▸ **WHAT YOU SHOULD DO**: Before you return the lines below, strip out any images and keep every word as written.

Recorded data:
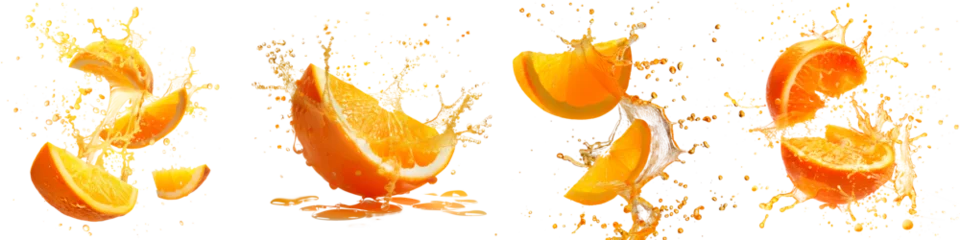Fototapeten Set of oranges exploding and bursting into pieces with juice splatters in different directions, isolated on a white or transparent background. Fruit explosion, orange juice splashes, side view. © SERSOLL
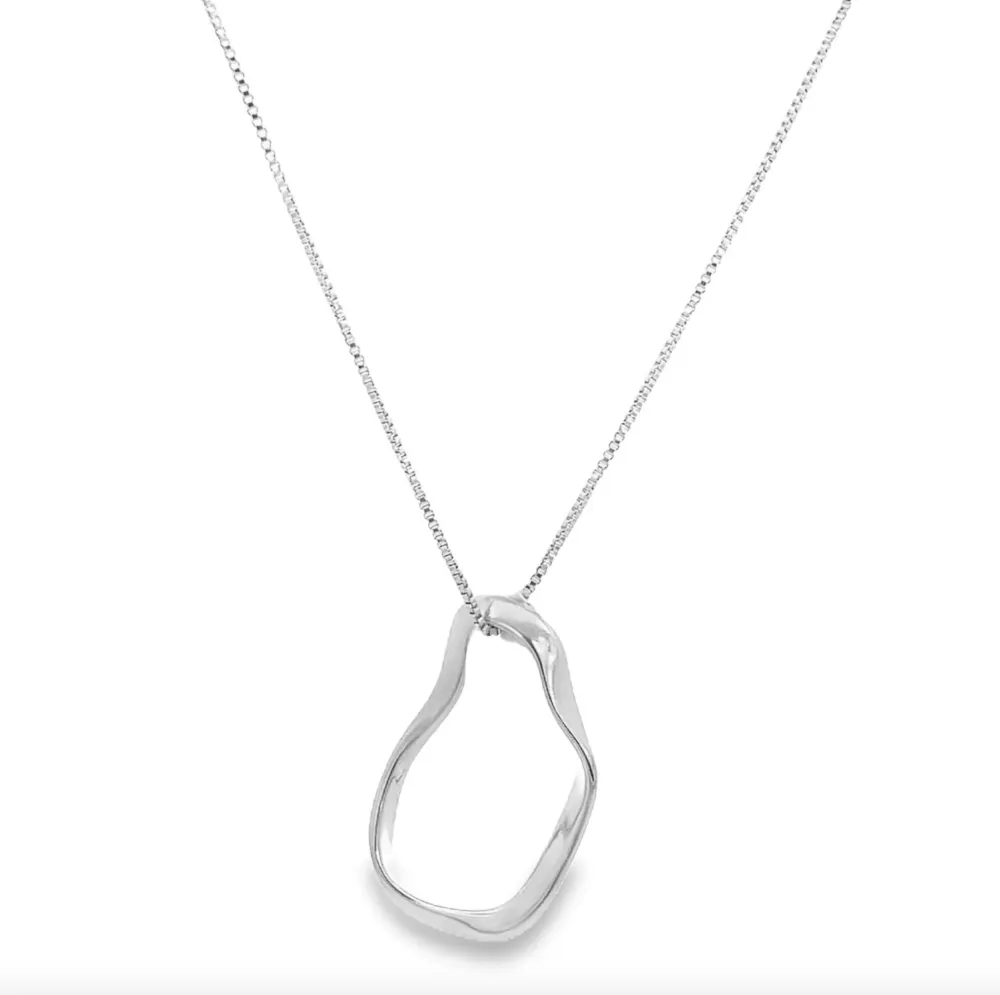 Sculptural Oval Pendant Necklace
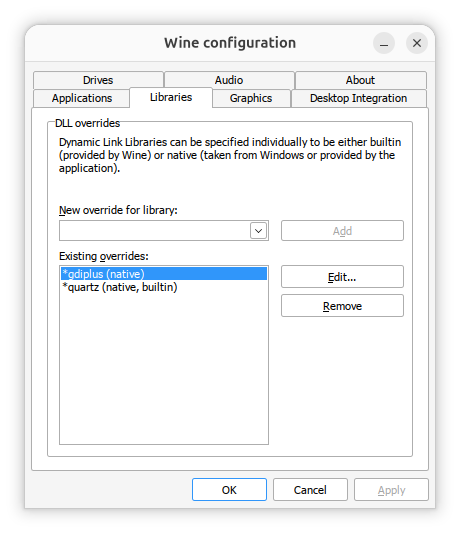 Wine configuration - 
gdiplus and quartz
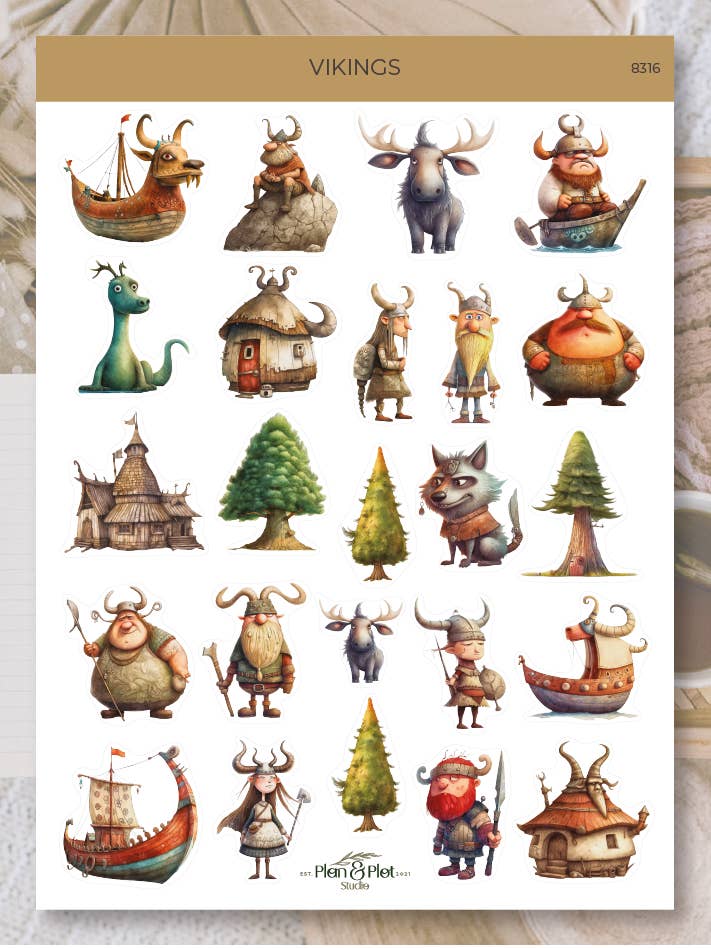 Vikings | Autocollants pour la vente par Plan & Plot Studio
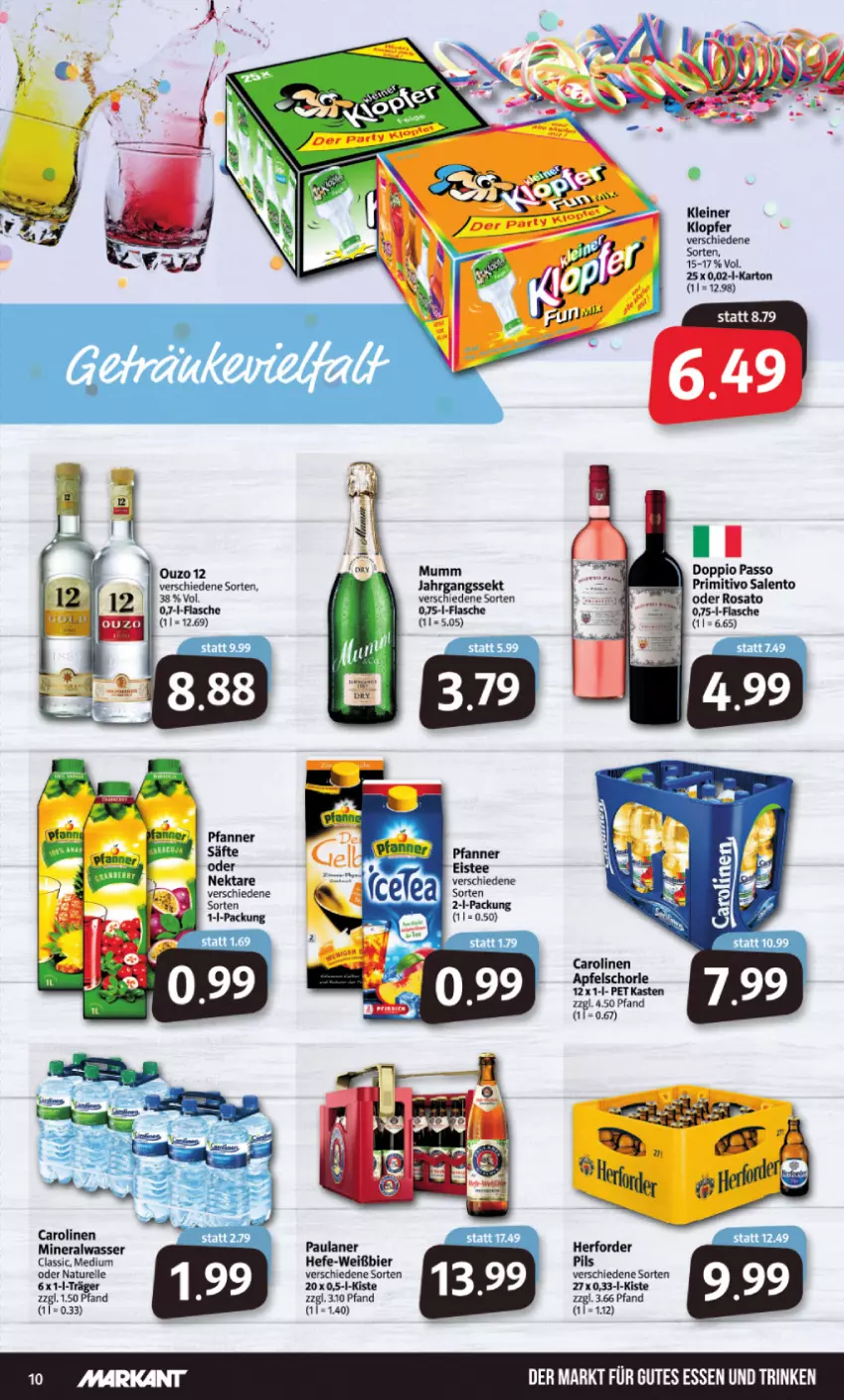 Aktueller Prospekt Markant - Prospekte - von 21.03 bis 26.03.2022 - strona 10 - produkty: Alwa, apfel, Apfelschorle, bier, doppio passo, eis, eistee, elle, flasche, gutes essen, Hefe, jahrgangssekt, kleiner klopfer, leine, mineralwasser, mumm, natur, Nektar, passo, Paula, paulaner, pfanne, Pfanner, pils, primitivo, rel, rosato, säfte, schorle, sekt, tee, Ti, wasser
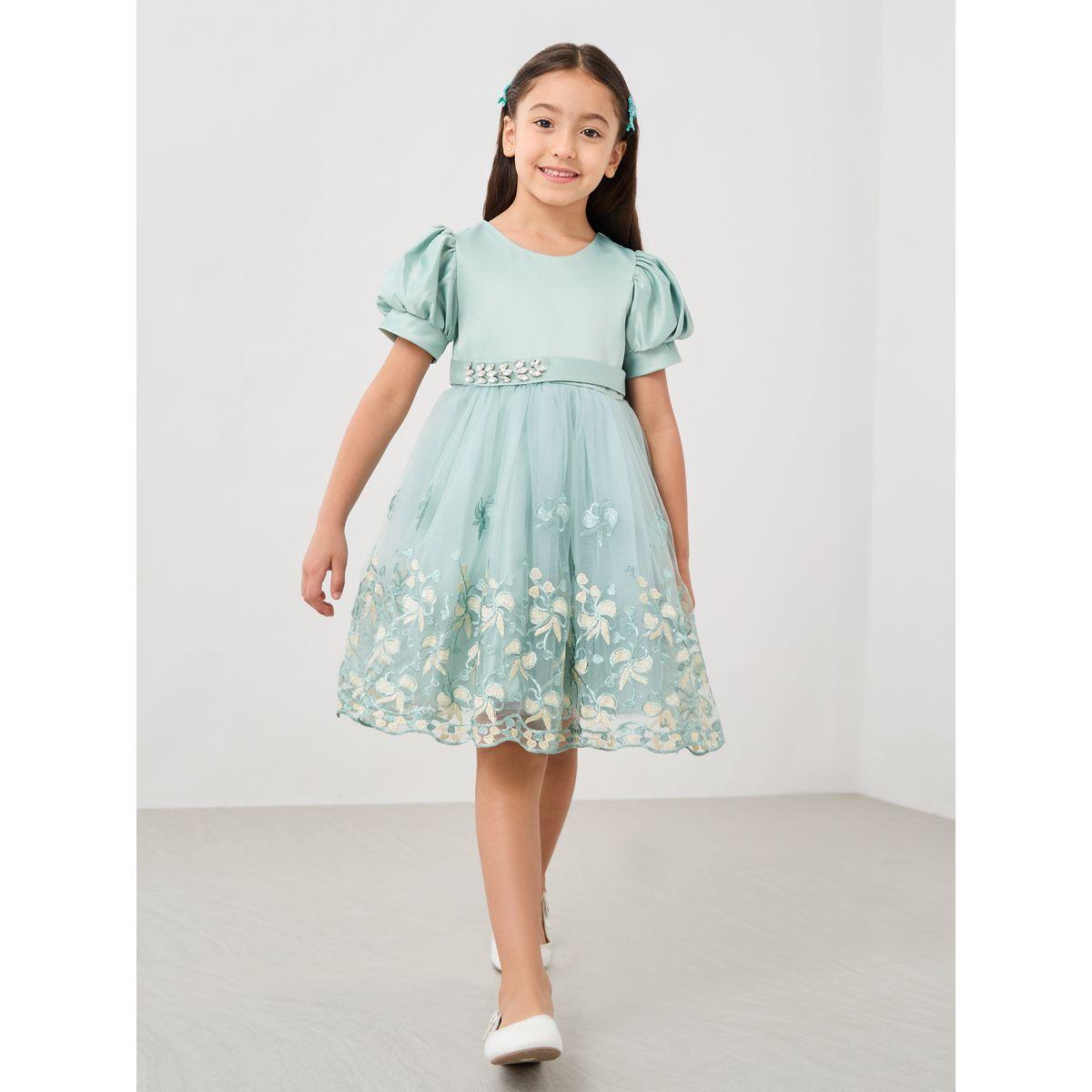 فستان بأكمام منفوخة وحافة بدانتيل مع حزام منمق-girls-clothing-dressesandjumpsuits-image-1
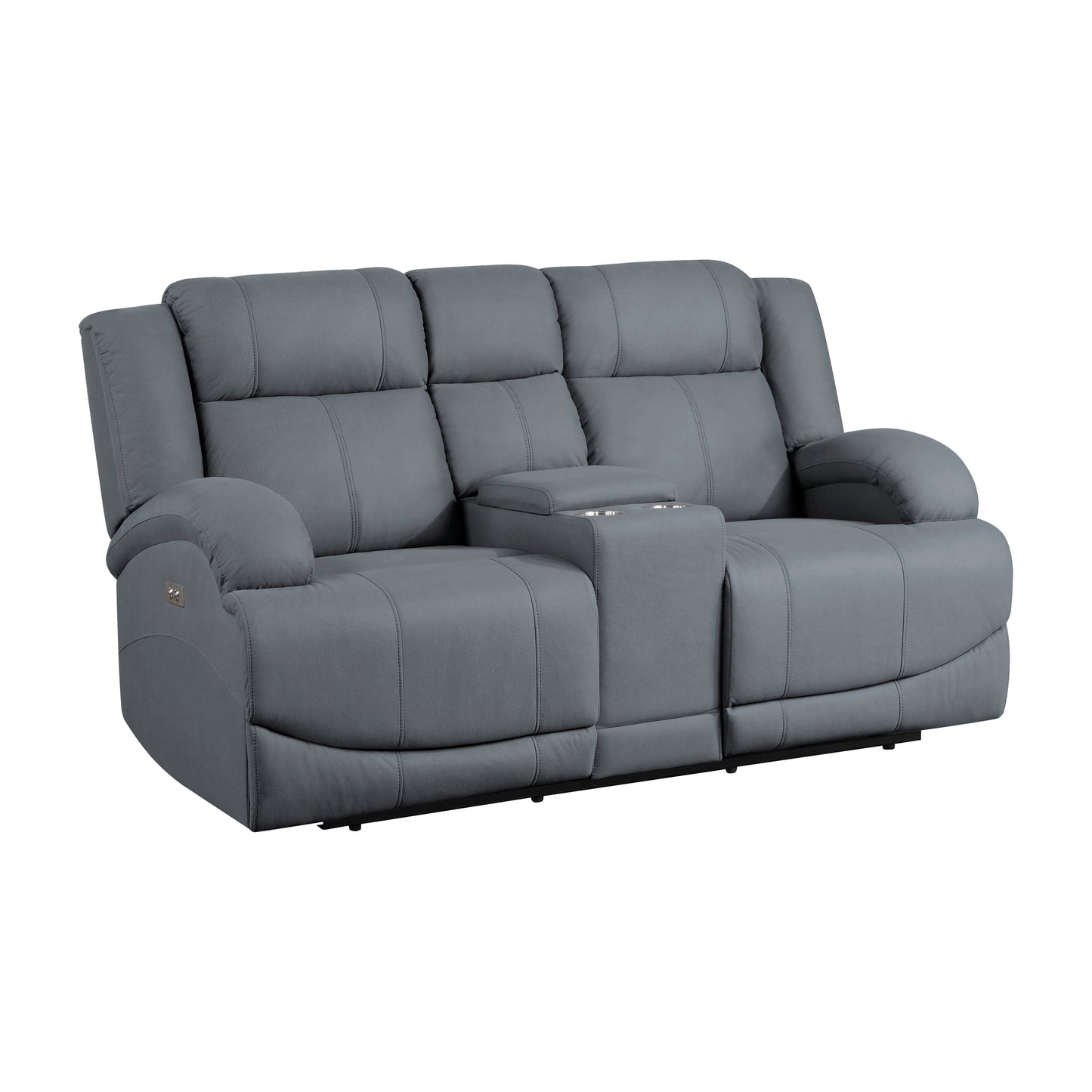 Homelegance Camryn Graphite Blue Power Reclining Loveseat with Center Console 9207GPB-2PW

▸ **RESPONSE TO THE TASK**:
Fototapeten Set of oranges exploding and bursting into pieces with juice splatters in different directions, isolated on a white or transparent background. Fruit explosion, orange juice splashes, side view. © SERSOLL
 Sculptural Oval Pendant Necklace
 Wine configuration - 
gdiplus and quartz
 Vikings | Autocollants pour la vente par Plan & Plot Studio
 Aktueller Prospekt Markant - Prospekte - von 21.03 bis 26.03.2022 - strona 10 - produkty: Alwa, apfel, Apfelschorle, bier, doppio passo, eis, eistee, elle, flasche, gutes essen, Hefe, jahrgangssekt, kleiner klopfer, leine, mineralwasser, mumm, natur, Nektar, passo, Paula, paulaner, pfanne, Pfanner, pils, primitivo, rel, rosato, säfte, schorle, sekt, tee, Ti, wasser
 فستان بأكمام منفوخة وحافة بدانتيل مع حزام منمق-girls-clothing-dressesandjumpsuits-image-1
 Homelegance Camryn Graphite Blue Power Reclining Loveseat with Center Console 9207GPB-2PW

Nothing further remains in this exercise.